Perez and his mentor work on a research project in Professor Sheng Xu's nanoengineering lab.

“General Atomics is proud to support the GEAR program at the UC San Diego Jacobs School of Engineering and its mission to drive hands-on, industry-relevant engineering education for a diverse student population,” said Linden Blue, CEO of General Atomics Aeronautical Systems, Inc. “We believe that helping aspiring engineers to acquire research experience is a great way to introduce them to the limitless opportunities available to them from companies like General Atomics.”

This emphasis on direct experience makes Gear to Career a great fit for Perez, who has always focused on applying his skills and fascinations in real-world settings. He cites two major breakthroughs acquired during his time with GEAR: learning how to make a good presentation and how to maintain a research log.

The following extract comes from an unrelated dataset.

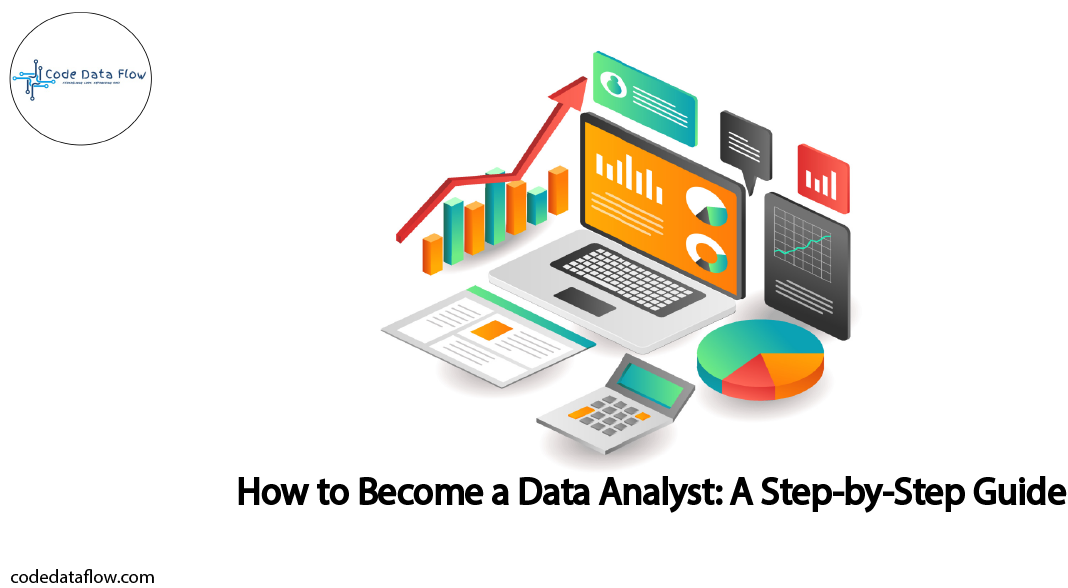 How to Become a Data Analyst: A Step-by-Step Guide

“In presentations, I learned how to use images and gestures more than words on a poster or slide, and to convey the main idea in a shorter amount of time. I’ve gotten compliments about the way I explain things, and this program has helped me feel more comfortable with public speaking as a whole. With the research log, I’ve learned the best way to make sure it stays updated is to make it the first thing I open on my computer and the last thing I close at the end of my day. It has been extremely valuable to keep track of what my lab was doing on certain days and to explain why we chose to do or didn’t do certain activities. Overall, GEAR has not only introduced me to research and excited me with lab work, but has improved my organizational abilities as well.”

Students from the Jacobs School of Engineering’s bioengineering, electrical engineering, mechanical and aerospace engineering, nanoengineering and structural engineering departments are encouraged to apply for GEAR. (Computer science students can apply for the aforementioned, equivalent ESRP program.) The majority of participants have been first-generation college students and Pell Grant eligible, with a roughly even gender balance. Since it began in 2019, each cohort has shown marked growth in understanding of research methods and practices, according to before-and-after self-assessments.

Sergio Godinez, a GEAR Central Mentor who is pursuing a Ph.D. in structural engineering at UC San Diego, explains how GEAR is a unique product of the innovation-driven engineering environment at the Jacobs School.

“There are several components that are necessary for the program to be successful,” Godinez says. “The IDEA Engineering Center, which has the purpose of helping all the students of the Jacobs School of Engineering succeed, organizes the program and sets the structure. A diverse group of research labs voluntarily accept undergraduate students and provide mentors to the participants throughout the academic year. And, most importantly, it relies on engaged students willing to participate and improve in their young careers through research experience, who are found in abundance at UC San Diego.”

Since it was launched in 2019, GEAR has offered participants a comprehensive introduction to research, project assignments and mentorship from the IDEA Engineering Student Center, a chance to write research papers and participate in a poster presentation, and workshops and socials to discuss what they’ve learned and build a network. Meeting peers and experts, explaining his ideas in public and fostering “soft skills” have been invaluable for Perez, who intends to mix his engineering pedigree with his broad humanitarian interests.

“My experience with philosophy,  which I have as a minor, has caused me to consider more than just morality, which was my primary interest,” Perez says. “Philosophy is a means to figure out the world as it extends beyond what we can figure out from the natural sciences, which is a concept I am still learning to appreciate about the field. I am aiming to be in an industry which has humanitarian goals or consequences. I’d like to make a career of helping people, where I can apply my skills and knowledge as a chemical engineer in a position which helps people, especially with their more fundamental needs.”